**SUPPLIED INFORMATION**
==============================

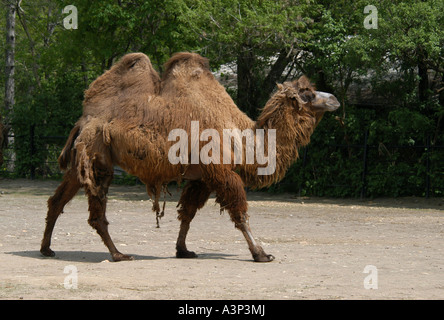 Bactrian camel also known as a two-humped camel (Camelus bactrianus) at Prague Zoo, Czech Republic Stock Photo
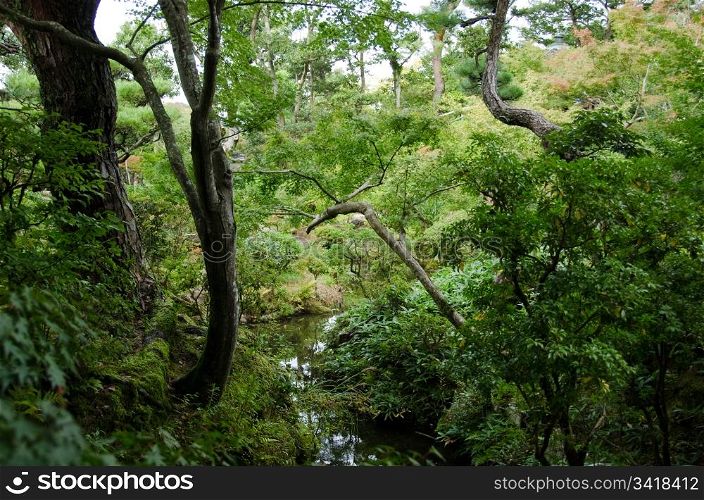 Japanese garden. Japanese garden with water and dense vegetation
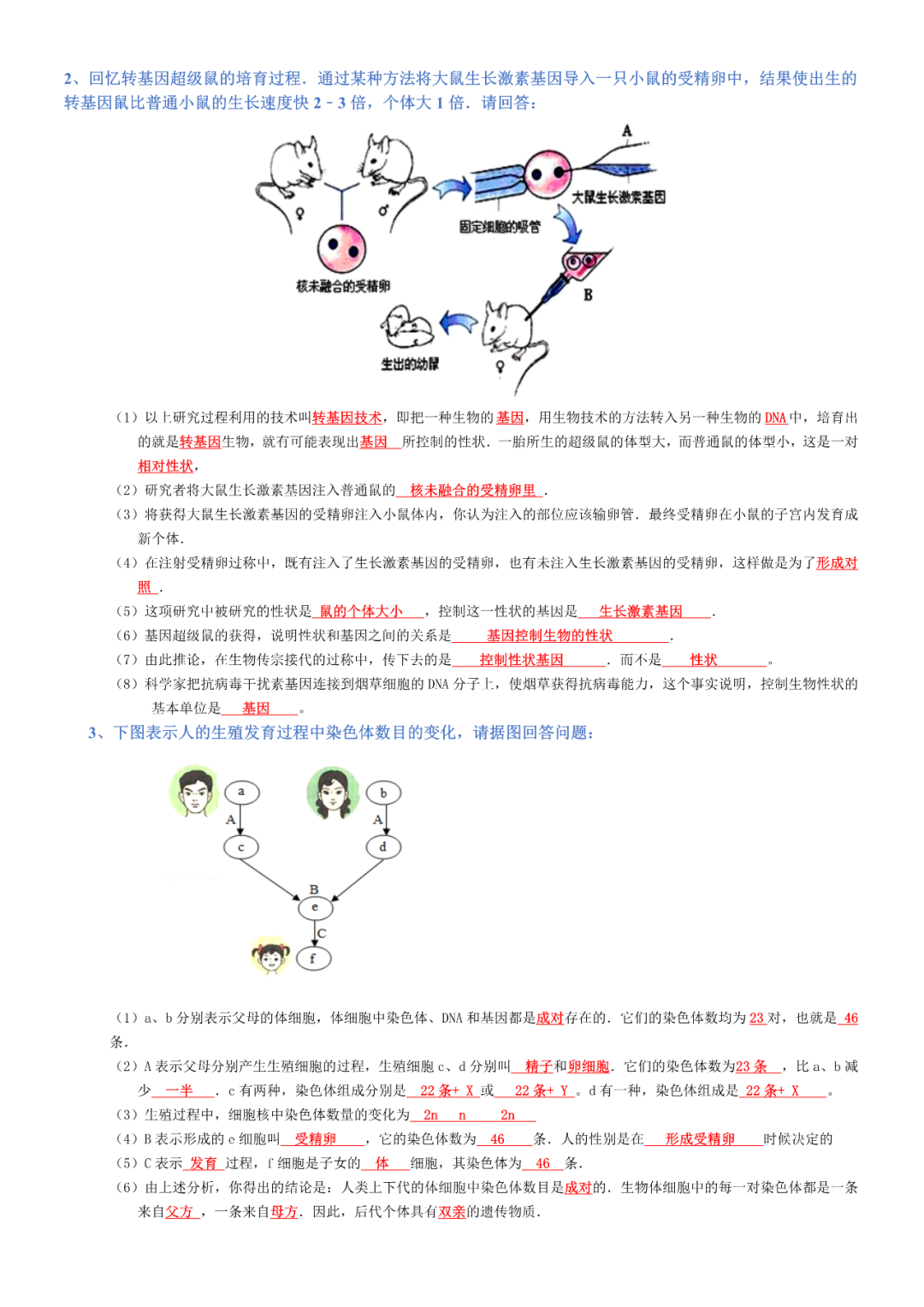 生物——八年级下册中考必背考点分册梳理 第3张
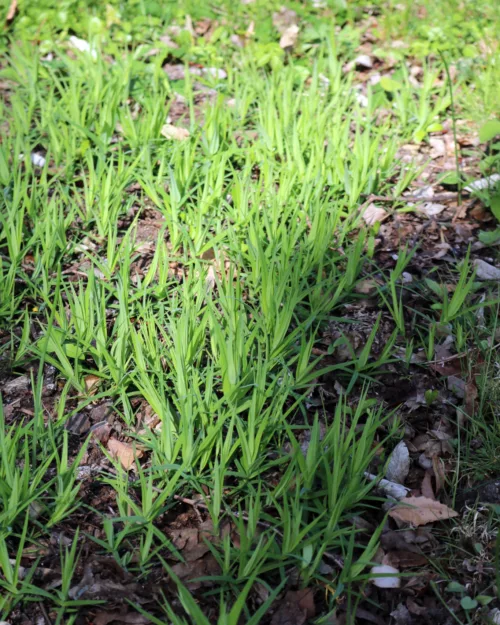 Stellaria holostea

==============================

**ACTIVITY**
The full listing, transcribed exactly and without its pictures, is the expected result.

**PROBLEM SOLUTION**
 Bactrian camel also known as a two-humped camel (Camelus bactrianus) at Prague Zoo, Czech Republic Stock Photo
 Japanese garden. Japanese garden with water and dense vegetation
 生物——八年级下册中考必背考点分册梳理 第3张
 Stellaria holostea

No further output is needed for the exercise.